Last June, Dr. John W. Ashe (BASc’79) was elected President of the United Nations General Assembly, and in one of his first speeches to the gathering of the entire membership of the UN, he reminded the audience of the almost sixty-year journey that brought him to that global stage, a journey that began on the twin-island nation of Antigua and Barbuda.
“There, in a household of seven kids,” he said, “whose parents never had the opportunity to complete high school, one child . . . whose mother was a descendant of slave plantation owners, was determined to be the first in his family’s generation to attend university and seek an opportunity wherever it may occur to make a difference. I am that child of those parents!”
And he succeeded in reaching those lofty goals, in large part by sticking to the values his parents instilled in him at a young age. “Determination, dedication, hard work and patience were all necessary requirements in our household,” he wrote in an email exchange we had in February. “Fortunately, they are also the attributes one needs for the job of President of the UN General Assembly, where bridging differences and building consensus among the 193 Member States of the UN General Assembly are all the lingua franca of the day.”

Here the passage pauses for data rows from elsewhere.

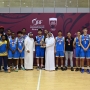 تتويج فهود المستقبل بكاس قطر للشباب لكرة السلة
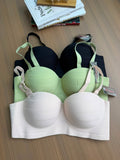 Elegant Seamless Bras (A Set Of 3 Pieces)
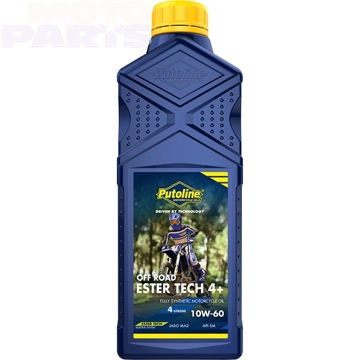 Фото Моторное масло PUTOLINE Ester Tech OffRoad 4+ 10W-60, 1л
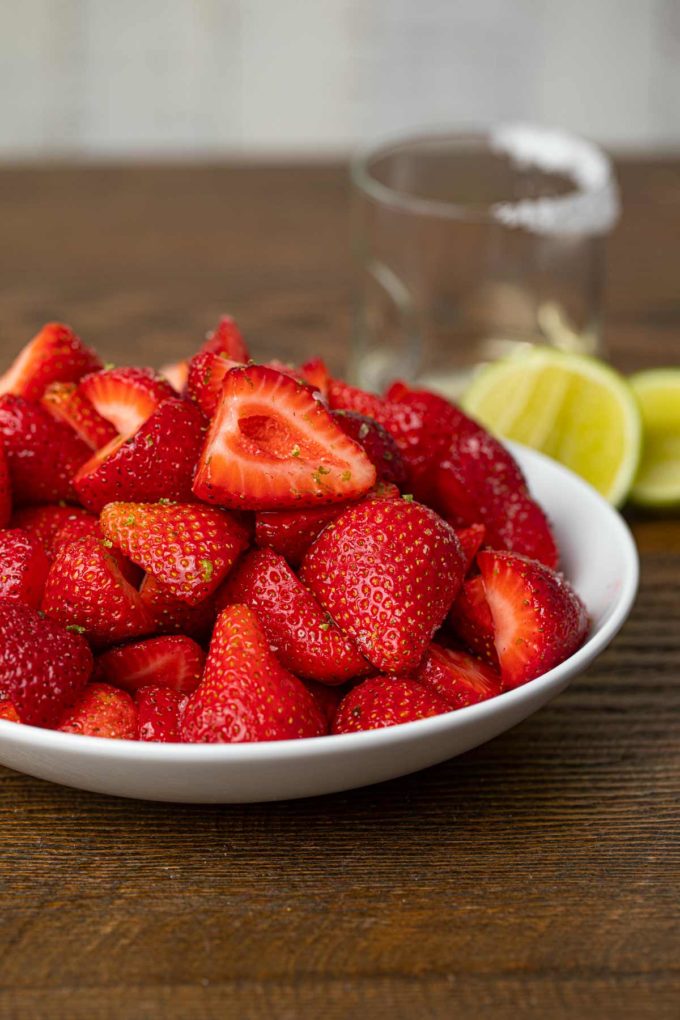 Tequila Strawberries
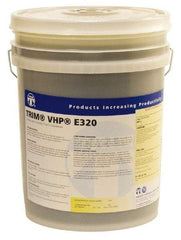 Master Fluid Solutions - Trim VHP E320, 5 Gal Pail Cutting & Grinding Fluid - Water Soluble, For Drilling, Gundrilling, Gunreaming, Slotting - Eagle Tool & Supply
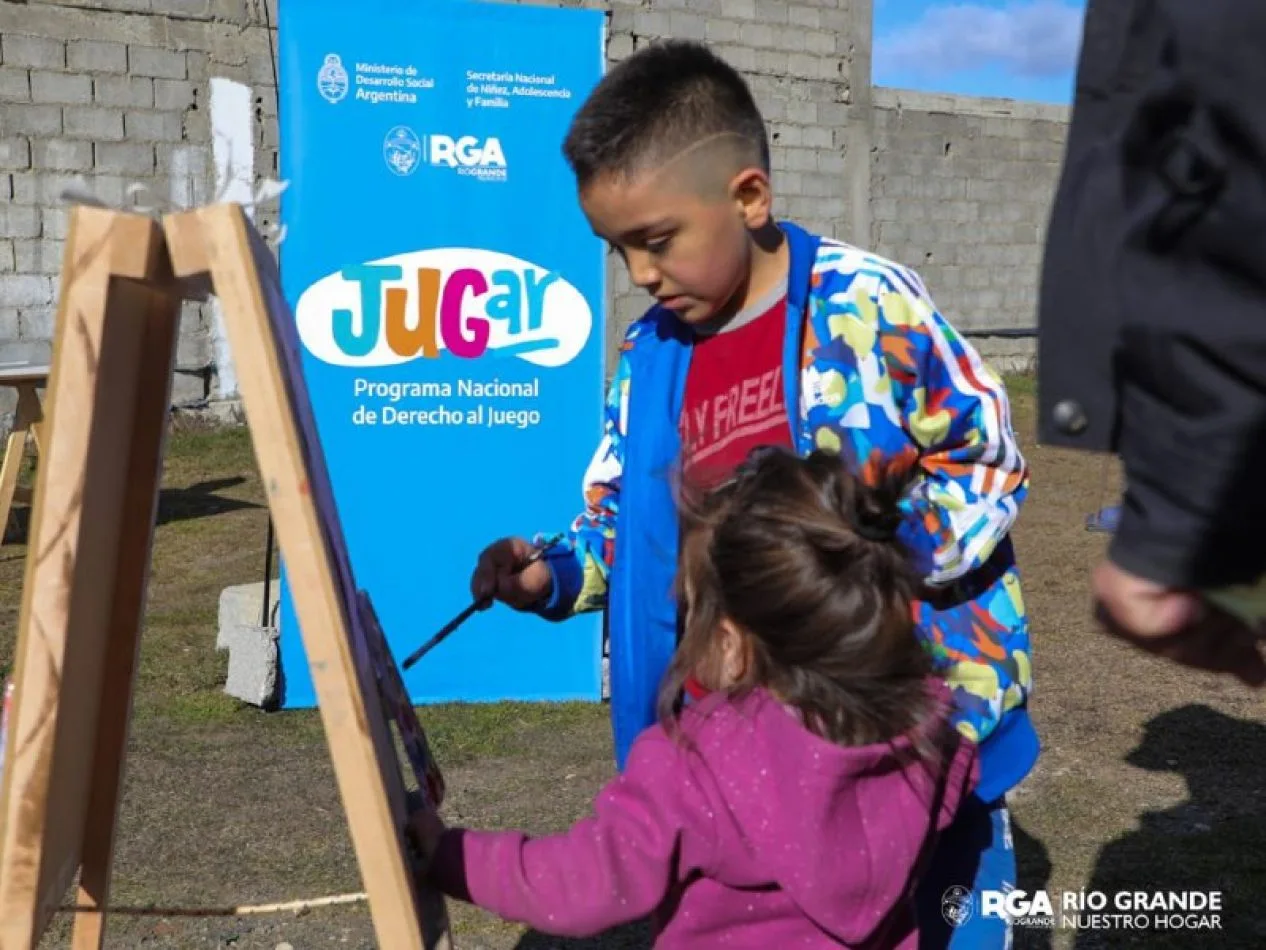 La Juegoteca recorre Río Grande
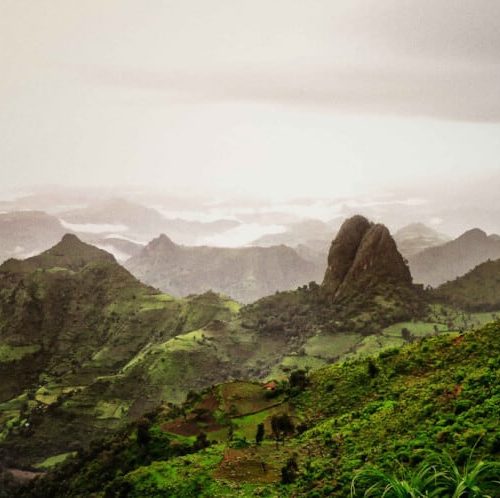 Simien mountains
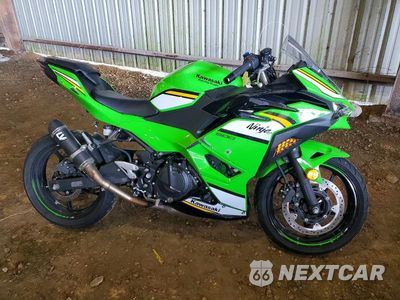 2025 KAWASAKI EX500 H ML5EXGH10SDA43575 - główne zdjęcie licytacji z USA - miniatura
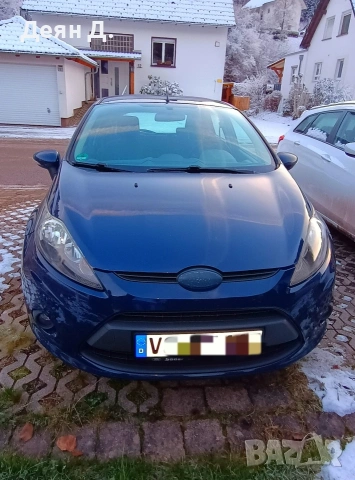 Ford fiesta 1.25 82кс 2009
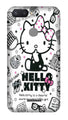 Hello Kitty Mobile Back Case for Redmi 6  (Design - 361)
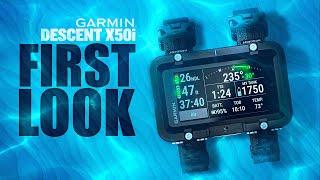 Garmin's SECRET NEW Dive Computer - Garmin Descent X50i (Exclusive Interview)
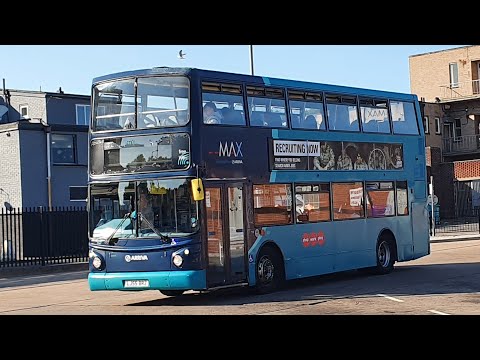 SOON TO BE WITHDRAWN: Route 22 | LJ55BRZ/7427 - Arriva North East: Volvo B7TL/Alexander ALX400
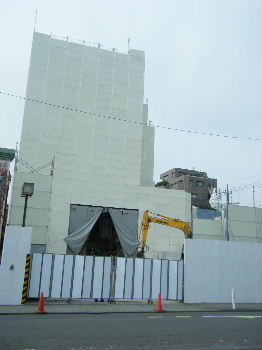 東小金井南口駅前工事状況　7/9 1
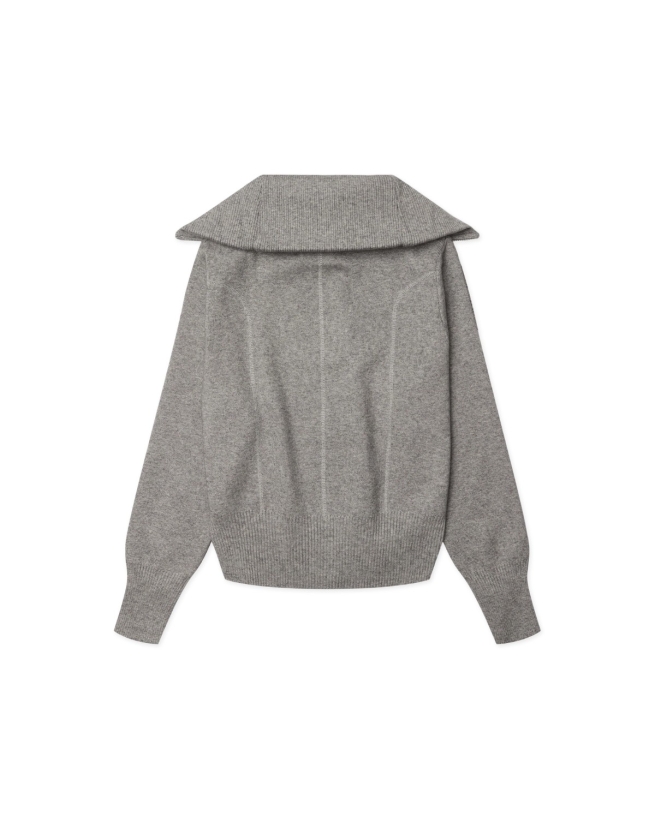 Woodbird - LILLY ZIP CARDIGAN
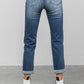 Denim Lab USA Slim Boyfriend Jeans - Whimsical Appalachian Boutique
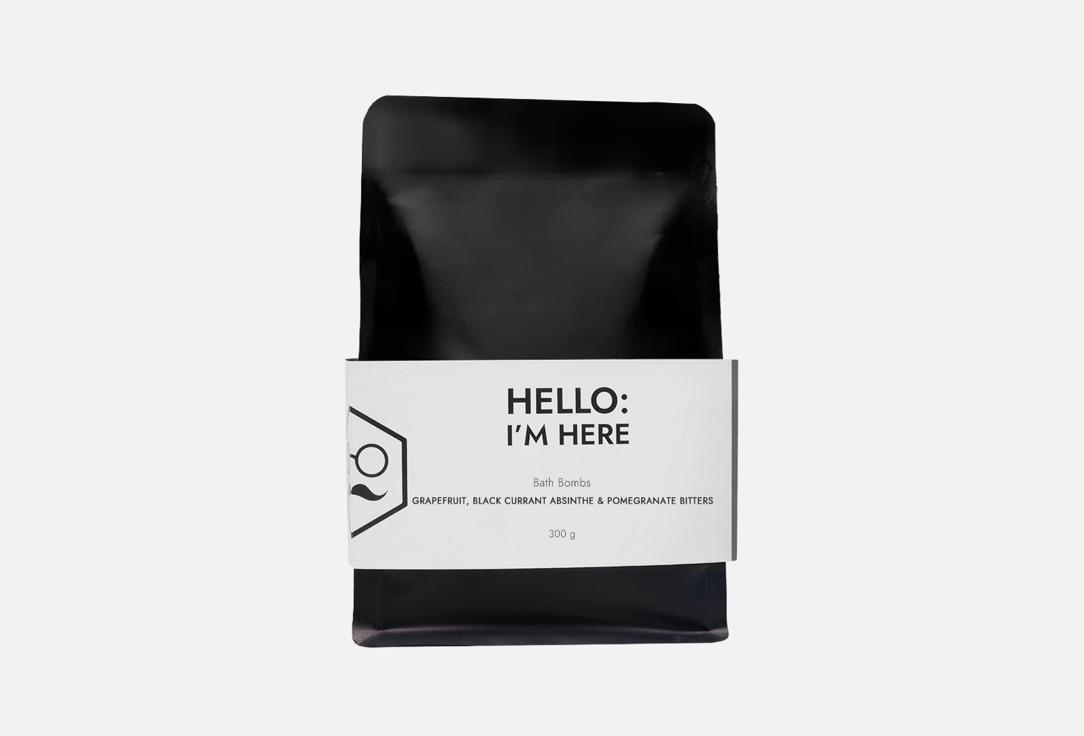 Изображение товара Бомбочки для ванны Dad's material Grapefruit Black Currant Absinthe Pomegranate Bitters 300 г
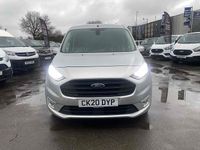 Second-hand Ford Transit Connect Limited 120 CP (88 kW) 2020 Argintiu Monovolum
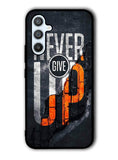 Never give up Samsung Galaxy A14 5G Case QC9529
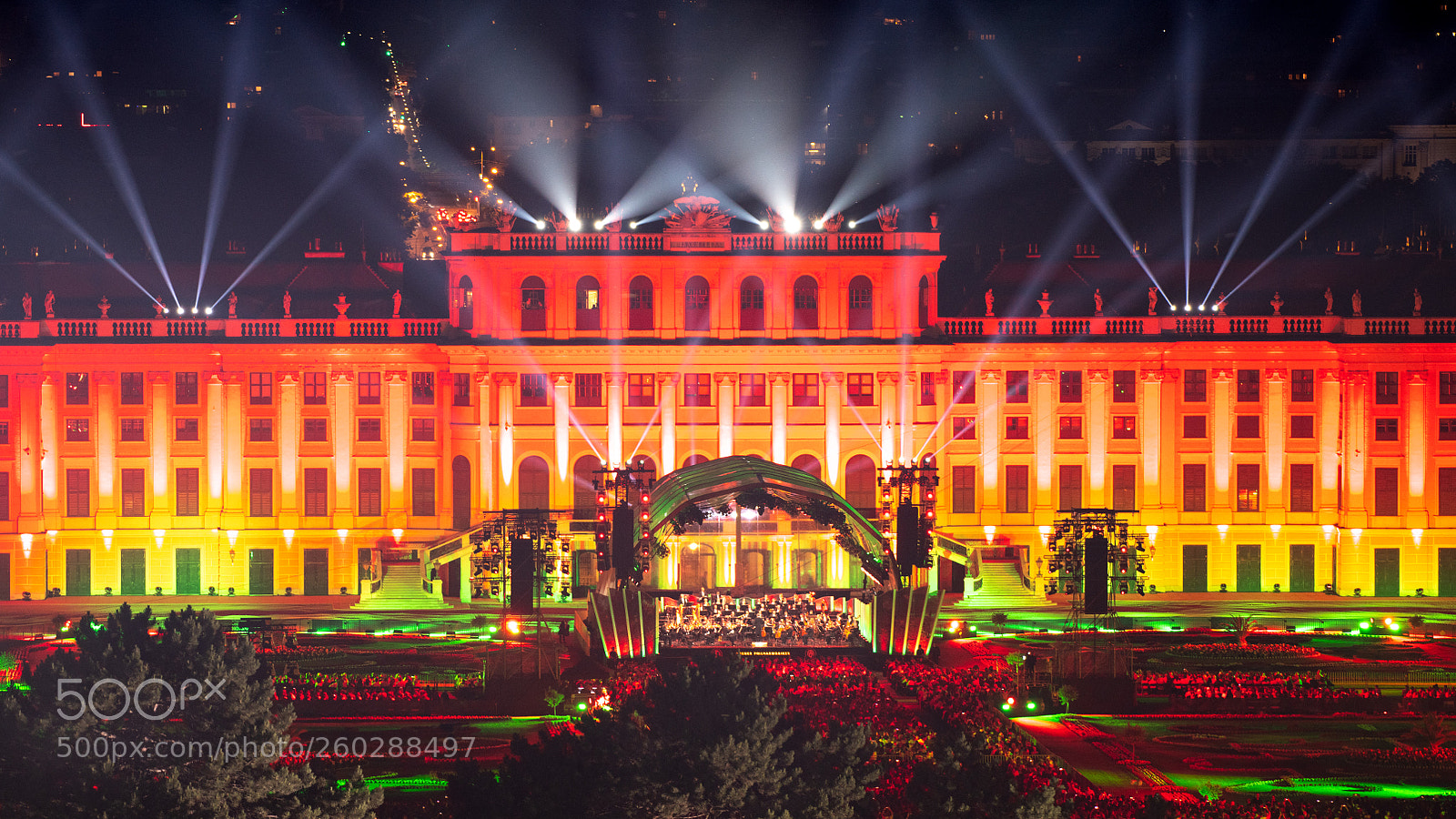 Nikon D850 sample photo. Wiener philharmoniker - sommernachtskonzert 2018 photography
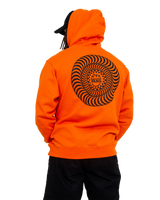 The Vans Mens Spitfire Wheels Hoodie in Flame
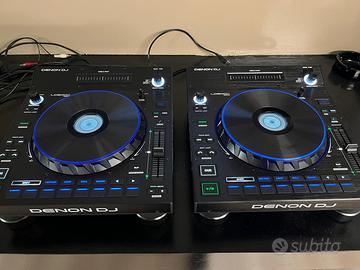 Denon DJ Prime 4 + 2x Denon DJ LC6000 Prime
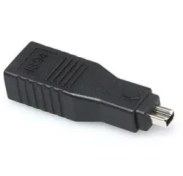 Resim HOSA FireWire 400 adaptör, 6-pin -> 4-pin 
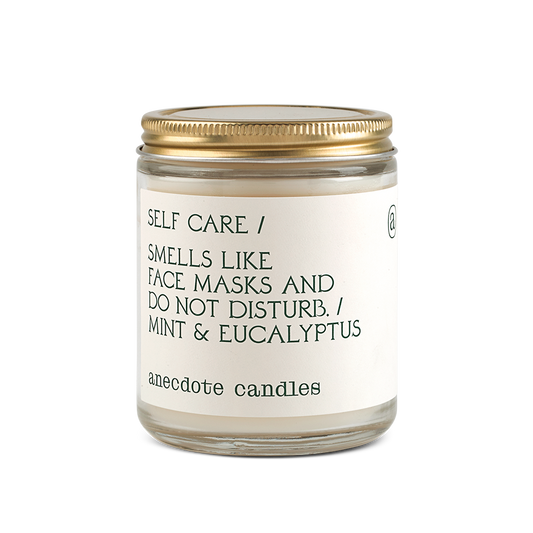 Self Care Candle -  Mint & Eucalyptus
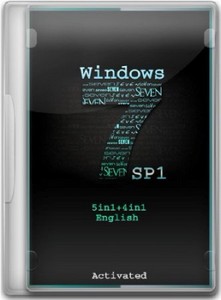 Windows 7 SP1 5in1+4in1 English (x86/x64/06.03.2012)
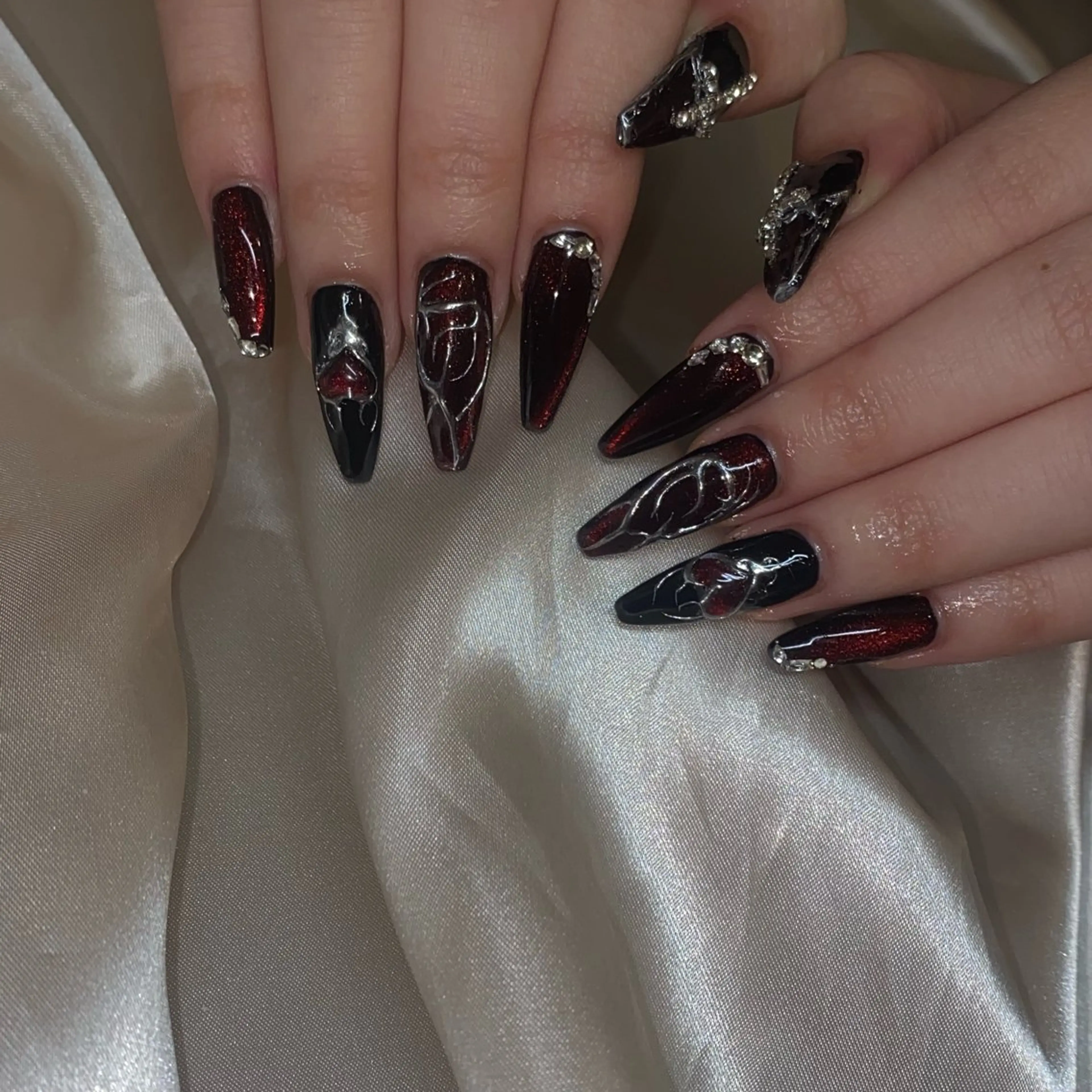 ネイル ハンドネイル la vie Luire所属・la vie Luire アスカのネイルデザイン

They’re also the attributes he took with him to Saint Mary’s, where he graduated in just two years with a degree in mathematics and engineering and a diploma in engineering, and later to his roles as Antigua and Barbuda’s Permanent Representative to both the UN and the World Trade Organization.
Today, he’s using them to fight for sustainable development around the world, which is, he says, “the singular quest that consumes and defines” him. And no wonder when you consider where he grew up. “In my region of the world, the effects of a hurricane on the economy of an island can set back a country’s economy by decades. Scientists predict that climate change will increase the magnitude, frequency and severity of such severe weather events, thereby rendering long-term sustainable development and the global fight against extreme poverty all but moot.”
Yet as you might guess he is determined to make a difference. During his presidency of the General Assembly, he is working to set the stage for the adoption of a new global development framework in 2015. Applicable to all countries and with the eradication of extreme poverty at its core, the framework will hopefully guide the development of our economies in a sustainable way for decades to come.
“As a human being, it would have been unthinkable to sit back and do absolutely nothing when the opportunity to contribute to—and perhaps shape—the debate presented itself,” he wrote in a final email. “For the sake of present and future generations, we need to set the world on a path to a sustainable development that will restore a harmonious relation between our planet and its inhabitants.”